Five years in the making, EARTH A New Wild is our attempt to tell the story of the major habitats of our planet in an inclusive way, where humans are shown to be part of nature, inextricably linked to it and dependent upon it to thrive. We also wanted to demonstrate how neglecting nature has consequences not just for the wildlife, but for us as well.

Nothing illustrates this better than the vulture story in the first episode airing tonight ("Home"), where we travel to South Asia to investigate the collapse of the vulture population.

In the last two decades, over 99% of the region's vultures have disappeared. We're talking 20 million birds! At first no one noticed, or maybe no one cared. Then people began realizing that dead animal carcasses -- cows, goats, camels -- were piling up. Nothing was eating them. One religious community in India which relies on vultures to dispose of human remains had to resort to solar concentrators to cremate the uneaten bodies.

It turns out the vultures were dying from a common anti-inflammatory drug given to livestock. A single dose was lethal.

The death of this unnoticed bird has had grave consequences. The rural landscape is now dotted with huge carcass dumps, where tens of thousands of dead animals are dragged in to rot. Visiting one near Jaipur, India was as close to the apocalypse as I ever want to come. The whole place, a jumble of bones and flesh, is crawling with feral dogs. In fact, now the Indian subcontinent has the highest population of feral predators, and with that has come the highest incidence of rabies in the world. The loss of vultures is literally biting us in the rear.

All this makes for pretty incredible TV but we don't stop there. We go beyond and show how replacing the damaging drug with a nontoxic substitute, and the creation of vulture "restaurants" and rehabilitation centers are bringing new hope for the rescue of an species no one realized they needed. And we go paragliding with them over the Himalayas -- eye to eye with vultures soaring on thermals for hours. Now the audience can see them for what they are: lovely and valuable.

In many ways this show is on the frontline of where the conservation movement is heading. The mission of my organization, Conservation International, can be roughly summarized in four simple words: Save nature, live better. That's the idea behind CI's recent Nature Is Speaking campaign; it's also the concept that EARTH A New Wild tries to bring to life through the stunning power of visuals.

Organizations like The Nature Conservancy (a primary partner in promoting the show and whose work is featured in several episodes), WWF, and the Wildlife Conservation Society are also embracing the notion that unless human communities account for the value of nature, saving nature will rest precariously on the frivolity of loving nature.

As much as I love wild things and wild places, I know love alone is not enough.

Our team traveled to 29 countries and 45 locations to make this series. Each story surprised me, made me rethink what I thought I knew. There is no way I could have told these stories without series director Dave Allen -- one of the finest natural history filmmakers out there today -- and his team from Passion Planet and National Geographic Television.
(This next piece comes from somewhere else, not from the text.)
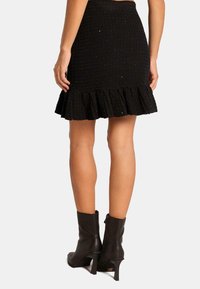 Jupe noire en tricot avec un motif texturé et un ourlet froncé, associée à des bottines noires élégantes.
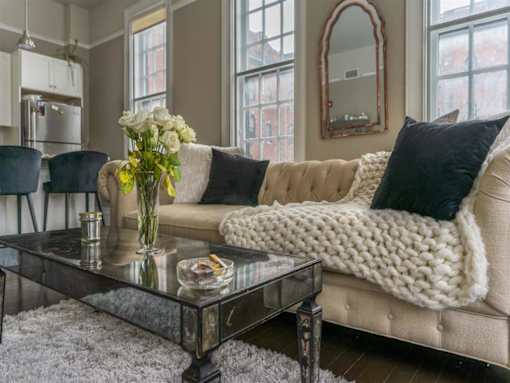 a living room with a couch and a coffee table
And PBS is probably the only platform out there willing to take the risk of trying such a unique show in a genre that has bifurcated toward either blue-chip natural history documentaries or reality television.

At the end of the day we tried to make something we would want to watch ourselves. No one wants to watch a lecture on TV. We wanted you to be entertained, to fall in love again and learn to value the natural world -- except this time with us in it. If we succeed, then we will have forever banished this notion that people are somehow separate from nature -- and the reasons for saving nature now really become about saving ourselves.

Oh, and we put in lots of baby pandas.